Leave out the pictures and transcribe every entry below exactly.

Top of Dataset entries

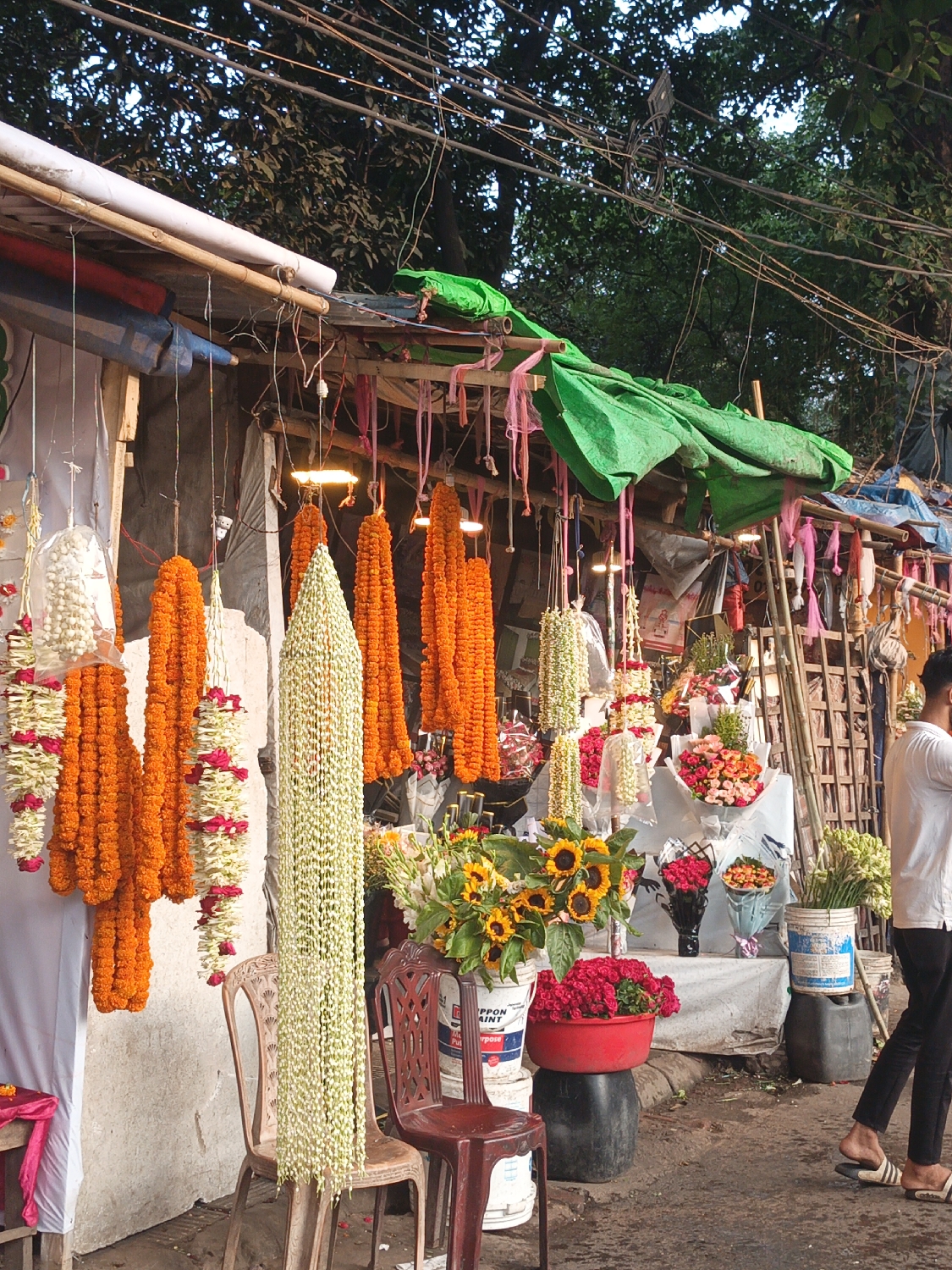 This vibrant image captures a bustling outdoor flower stall, likely on a street or sidewalk in Dhaka, Bangladesh, based on contextual cues. The setting features a makeshift structure with bamboo poles and wooden supports, covered by green and blue tarpaulins, suggesting a temporary or permanent market setup. Numerous entangled electrical wires are visible overhead, crisscrossing against a backdrop of dark green foliage and a softly lit sky, indicating either late afternoon or early evening.
The primary subjects are the abundant and colorful flowers. Dominating the display are long, thick garlands of bright orange marigolds, hanging in multiple rows. Alongside them are equally long, delicate garlands made of small white flowers, possibly jasmine or tuberose, which extend almost to the ground. Some garlands also feature a mix of white flowers with accents of red. On a display table covered with a white cloth, various fresh bouquets are arranged in buckets and vases, including cheerful sunflowers, vibrant red roses, and mixed floral arrangements wrapped in plastic. Loose red flowers fill a red basin, which rests on a black container.
An individual, a man, is partially visible on the right side of the frame. He wears a white T-shirt, dark trousers, and black slip-on sandals, and appears to be walking or standing near the stall, facing away from the camera. Artificial bare light bulbs hang within the stall, illuminating the garlands and adding to the evening market atmosphere. Other objects include two plastic chairs (one beige, one maroon) placed near the white flower garlands, and several white buckets, one of which clearly displays the text "NIPPON PAINT". The ground is unpaved and appears worn. The scene conveys a lively, everyday market activity.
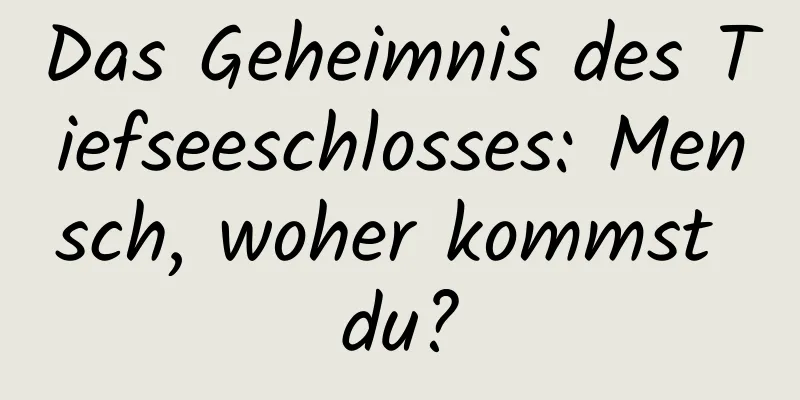 Das Geheimnis des Tiefseeschlosses: Mensch, woher kommst du?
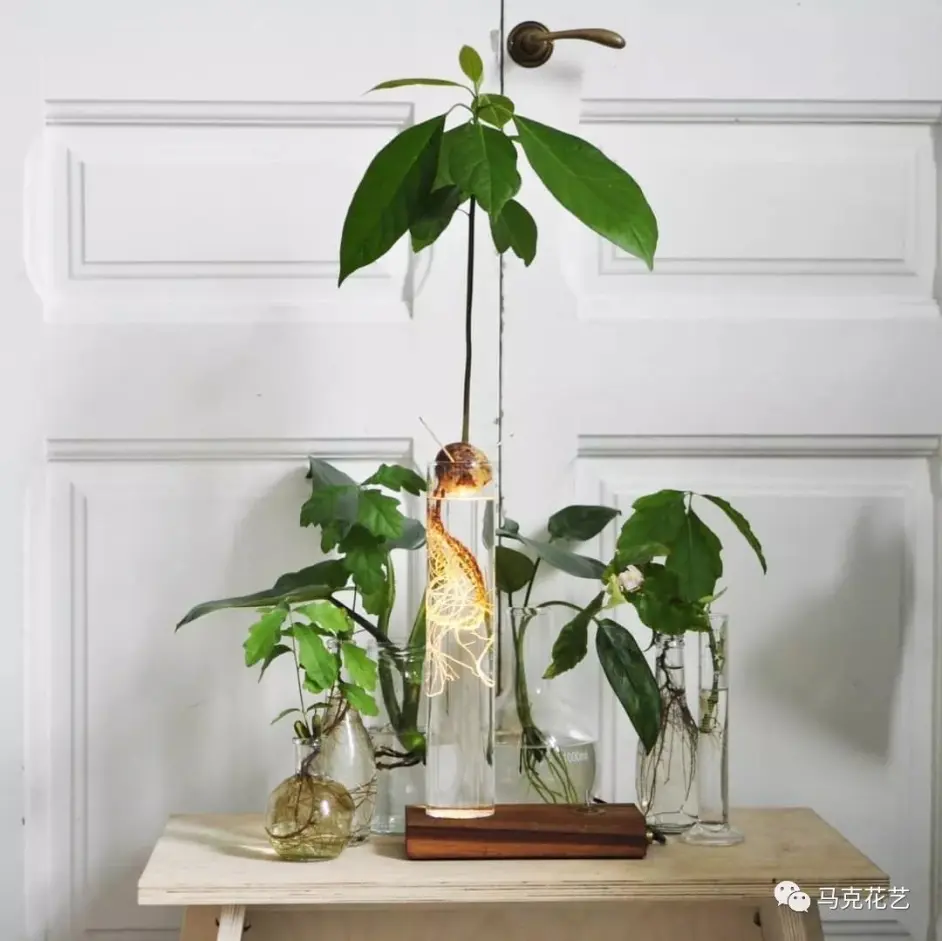 成都马克花艺 家居绿植养护秘籍 给连绿萝都能养死的你 哔哩哔哩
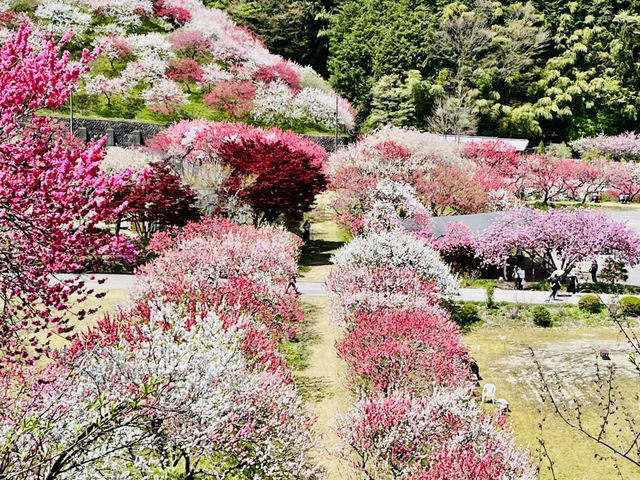 【長野県・花桃の里】まさに桃源郷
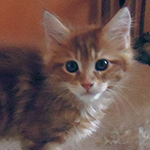 Kotka Maine Coon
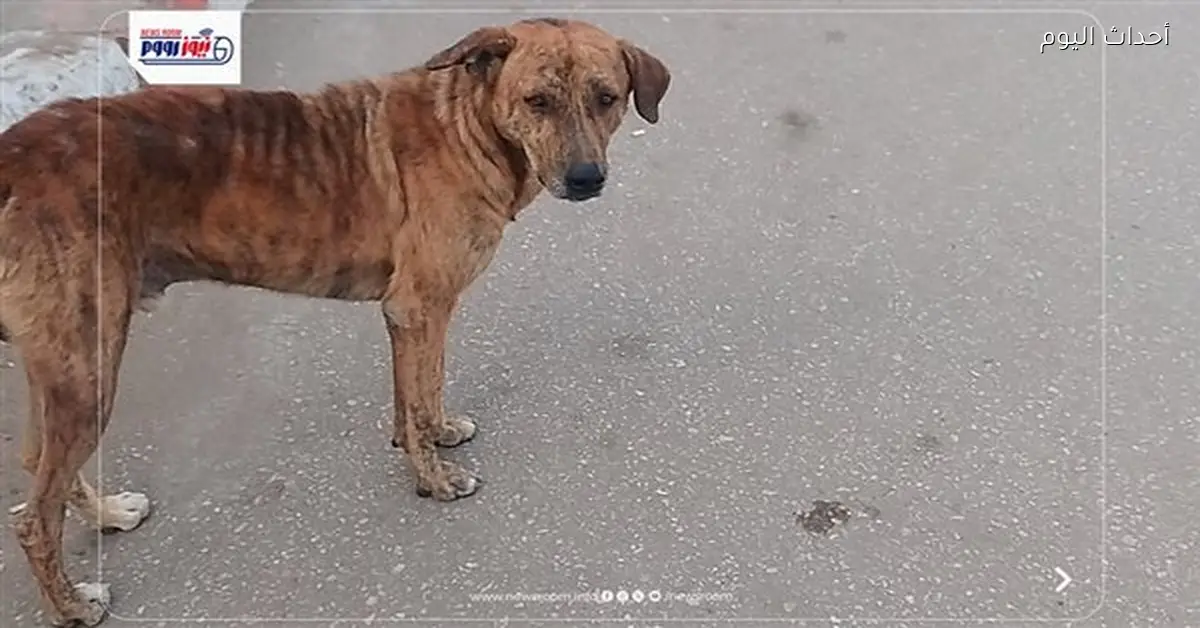 خطة تحصين وتعقيم للكلاب الضالة بتكلفة 2.2 مليار جنيه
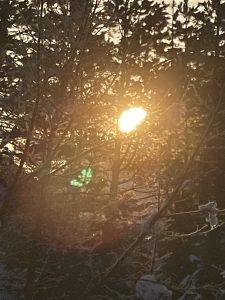 Mehr über den Artikel erfahren Die Kunst des Entscheidens: Zwischen Zweifel und Klarheit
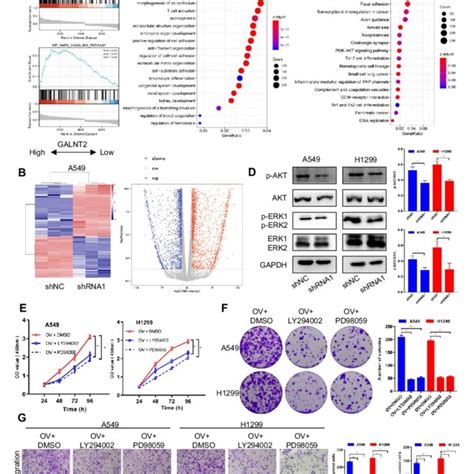 The PI3K Akt And MAPK ERK Pathways Can Be Regulated By GALNT2 In NSCLC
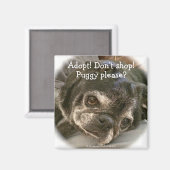 Bumblesnot Magnet: Puggy Bitte? Magnet (Vorderseite/Rückseite)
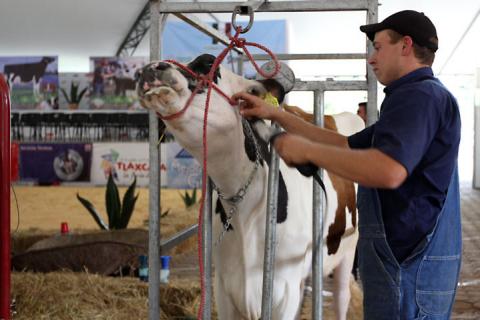 Ofrece Fona Holstein 2014 capacitación a productores lecheros de Tlaxcala imagen 1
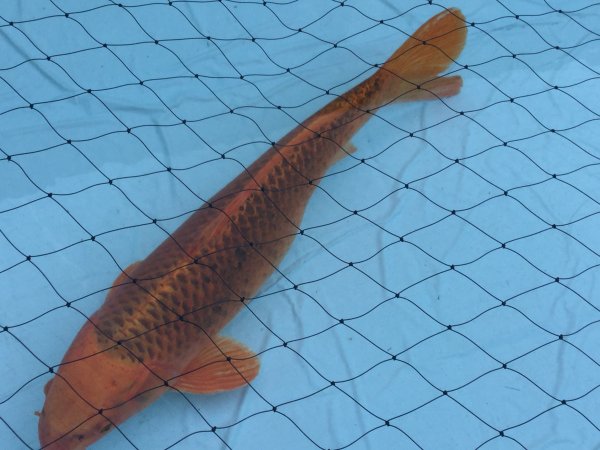 foto nr. 2 van deze Koi Overige , 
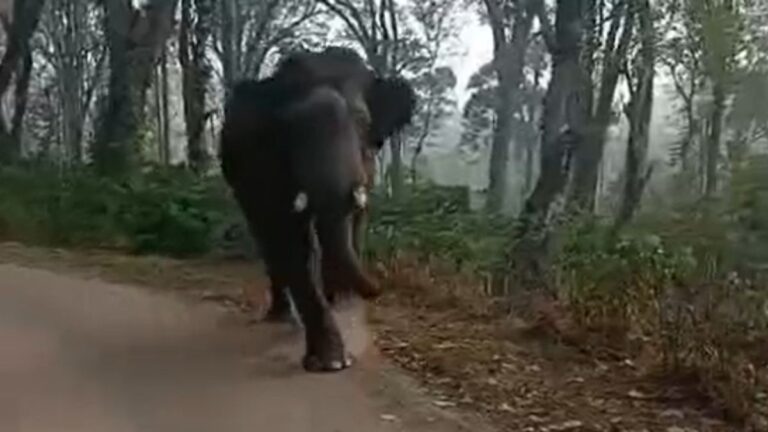 Wild Elephant Chasing School Bus as Students Scream in Fear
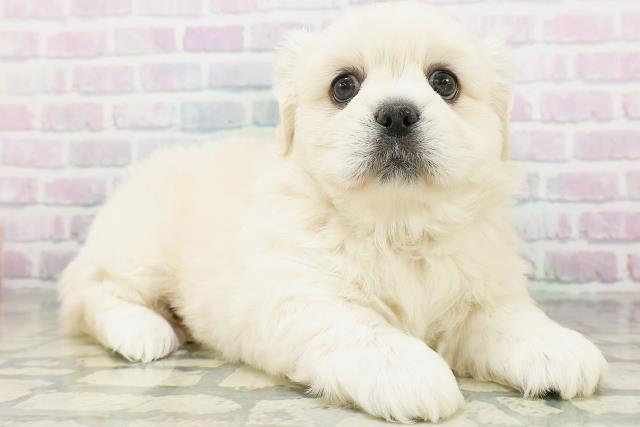 北海道のハーフ犬・ミックス犬 (Coo&RIKU旭川店/2026年7月19日生まれ/女の子/クリーム)の子犬の3枚目の画像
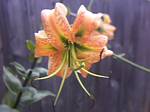 Lily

Bottom of Dataset entries

**Solution to this problem:**
 This vibrant image captures a bustling outdoor flower stall, likely on a street or sidewalk in Dhaka, Bangladesh, based on contextual cues. The setting features a makeshift structure with bamboo poles and wooden supports, covered by green and blue tarpaulins, suggesting a temporary or permanent market setup. Numerous entangled electrical wires are visible overhead, crisscrossing against a backdrop of dark green foliage and a softly lit sky, indicating either late afternoon or early evening.
The primary subjects are the abundant and colorful flowers. Dominating the display are long, thick garlands of bright orange marigolds, hanging in multiple rows. Alongside them are equally long, delicate garlands made of small white flowers, possibly jasmine or tuberose, which extend almost to the ground. Some garlands also feature a mix of white flowers with accents of red. On a display table covered with a white cloth, various fresh bouquets are arranged in buckets and vases, including cheerful sunflowers, vibrant red roses, and mixed floral arrangements wrapped in plastic. Loose red flowers fill a red basin, which rests on a black container.
An individual, a man, is partially visible on the right side of the frame. He wears a white T-shirt, dark trousers, and black slip-on sandals, and appears to be walking or standing near the stall, facing away from the camera. Artificial bare light bulbs hang within the stall, illuminating the garlands and adding to the evening market atmosphere. Other objects include two plastic chairs (one beige, one maroon) placed near the white flower garlands, and several white buckets, one of which clearly displays the text "NIPPON PAINT". The ground is unpaved and appears worn. The scene conveys a lively, everyday market activity.
 Das Geheimnis des Tiefseeschlosses: Mensch, woher kommst du?
 成都马克花艺 家居绿植养护秘籍 给连绿萝都能养死的你 哔哩哔哩
 【長野県・花桃の里】まさに桃源郷
 Kotka Maine Coon
 خطة تحصين وتعقيم للكلاب الضالة بتكلفة 2.2 مليار جنيه
 Mehr über den Artikel erfahren Die Kunst des Entscheidens: Zwischen Zweifel und Klarheit
 The PI3K Akt And MAPK ERK Pathways Can Be Regulated By GALNT2 In NSCLC
 Bumblesnot Magnet: Puggy Bitte? Magnet (Vorderseite/Rückseite)
 Ofrece Fona Holstein 2014 capacitación a productores lecheros de Tlaxcala imagen 1
 foto nr. 2 van deze Koi Overige , 
 Wild Elephant Chasing School Bus as Students Scream in Fear
 北海道のハーフ犬・ミックス犬 (Coo&RIKU旭川店/2026年7月19日生まれ/女の子/クリーム)の子犬の3枚目の画像
 Lily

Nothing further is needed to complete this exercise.